Samico não gostava muito de explicar seu trabalho. “É porque não é o meu papel. Não é essencial que tenha uma explicação, é uma obra visual. Verbalizar o trabalho de arte é coisa para crítico, que eles têm o dom da palavra. Às vezes, usam isso para descobrir nuances de que o próprio artista não se dá conta. O ato de criar às vezes é um transbordamento”, disse ao Estado em entrevista em 2008.

 “É autor de uma obra de extrema qualidade, com característica singular. É um dos mais importantes artistas brasileiros da segunda metade do século 20”, sentenciou Marcelo Araújo, secretário de Cultura de São Paulo e ex-diretor da Pinacoteca do Estado. “Tenho grande apreço por Goeldi e por Lívio Abramo, mas Samico superou seus mestres. Eu o considero o maior gravador de todos os tempos. Seria grande em qualquer país do mundo”, disse o escritor e dramaturgo Ariano Suassuna.

Não tinha galerista, era a nora que fazia o papel de intermediar a comercialização dos exemplares que vendia anualmente. As telas geralmente não nasciam com nome. “É que nem menino, o nome a gente põe depois.” De formação complexa e refinada, ele sabia que sua arte não era popular. “É uma arte de caráter erudito que se vale de elementos populares. Não é uma arte erudita, veja bem, é arte de caráter erudito”, explicou. “Faço uma gravura que pode ser considerada moderna, não é uma gravura arcaica.
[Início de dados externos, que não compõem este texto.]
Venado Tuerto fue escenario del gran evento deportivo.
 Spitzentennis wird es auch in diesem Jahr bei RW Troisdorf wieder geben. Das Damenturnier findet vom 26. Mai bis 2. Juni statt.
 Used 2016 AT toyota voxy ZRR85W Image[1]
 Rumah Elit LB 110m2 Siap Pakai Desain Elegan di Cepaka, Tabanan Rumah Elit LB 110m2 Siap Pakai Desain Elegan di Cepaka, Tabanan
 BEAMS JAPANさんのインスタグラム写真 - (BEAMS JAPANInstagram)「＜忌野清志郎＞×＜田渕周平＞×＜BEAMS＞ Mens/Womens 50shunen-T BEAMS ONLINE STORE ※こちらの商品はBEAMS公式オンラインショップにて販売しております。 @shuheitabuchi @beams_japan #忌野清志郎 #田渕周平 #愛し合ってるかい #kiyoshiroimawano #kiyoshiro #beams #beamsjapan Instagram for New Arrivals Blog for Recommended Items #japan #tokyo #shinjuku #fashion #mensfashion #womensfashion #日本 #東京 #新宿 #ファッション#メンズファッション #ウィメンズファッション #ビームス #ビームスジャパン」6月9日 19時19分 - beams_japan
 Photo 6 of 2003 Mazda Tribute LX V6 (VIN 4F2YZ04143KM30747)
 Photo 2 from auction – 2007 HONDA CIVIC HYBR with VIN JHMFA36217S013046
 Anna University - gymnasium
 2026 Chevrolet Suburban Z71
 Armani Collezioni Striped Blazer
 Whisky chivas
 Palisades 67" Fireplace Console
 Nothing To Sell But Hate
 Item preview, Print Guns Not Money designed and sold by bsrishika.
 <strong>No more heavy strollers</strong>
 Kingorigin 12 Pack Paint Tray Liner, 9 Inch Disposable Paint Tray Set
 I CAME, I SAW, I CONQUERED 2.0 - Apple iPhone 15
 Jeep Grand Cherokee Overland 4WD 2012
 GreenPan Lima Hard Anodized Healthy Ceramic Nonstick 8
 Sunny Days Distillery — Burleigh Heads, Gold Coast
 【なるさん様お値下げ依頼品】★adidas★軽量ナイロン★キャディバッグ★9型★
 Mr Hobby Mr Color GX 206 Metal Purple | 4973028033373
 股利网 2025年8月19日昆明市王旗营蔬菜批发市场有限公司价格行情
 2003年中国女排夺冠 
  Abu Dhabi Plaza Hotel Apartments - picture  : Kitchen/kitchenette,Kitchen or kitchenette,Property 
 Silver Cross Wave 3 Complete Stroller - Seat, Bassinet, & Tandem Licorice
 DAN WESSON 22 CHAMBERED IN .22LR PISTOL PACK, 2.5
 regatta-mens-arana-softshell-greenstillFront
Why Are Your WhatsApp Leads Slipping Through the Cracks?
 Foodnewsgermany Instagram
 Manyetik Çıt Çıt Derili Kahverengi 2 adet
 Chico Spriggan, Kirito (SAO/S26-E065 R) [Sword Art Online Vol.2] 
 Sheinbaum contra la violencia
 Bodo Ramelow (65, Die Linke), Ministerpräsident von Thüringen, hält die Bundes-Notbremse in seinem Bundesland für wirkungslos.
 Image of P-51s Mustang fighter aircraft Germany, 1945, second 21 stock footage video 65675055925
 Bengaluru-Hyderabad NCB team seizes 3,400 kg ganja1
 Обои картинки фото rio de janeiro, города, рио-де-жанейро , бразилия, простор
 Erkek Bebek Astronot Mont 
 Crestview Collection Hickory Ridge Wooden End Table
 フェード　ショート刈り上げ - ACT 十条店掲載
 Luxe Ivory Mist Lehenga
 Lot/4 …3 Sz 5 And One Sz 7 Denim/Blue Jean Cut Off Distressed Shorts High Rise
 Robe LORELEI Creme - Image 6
Mas tem essa coisa de olhar para trás, para o passado.”

O uso de símbolos de diversas culturas e crenças foi aumentando ao longo de sua produção, incorporando signos religiosos e lendas indígenas. Bonachão, gozador, ele mesmo se encarregava de tripudiar sobre alguns de seus deslizes. “A gravura Francisco e o Lobo de Mantua tem nome errado. O lobo é de Gúbia, nunca houve Mantua.” O nome Samico, explicava, podia ter origem judaica, mas também podia ser corruptela de uma expressão portuguesa (“Essa mica”).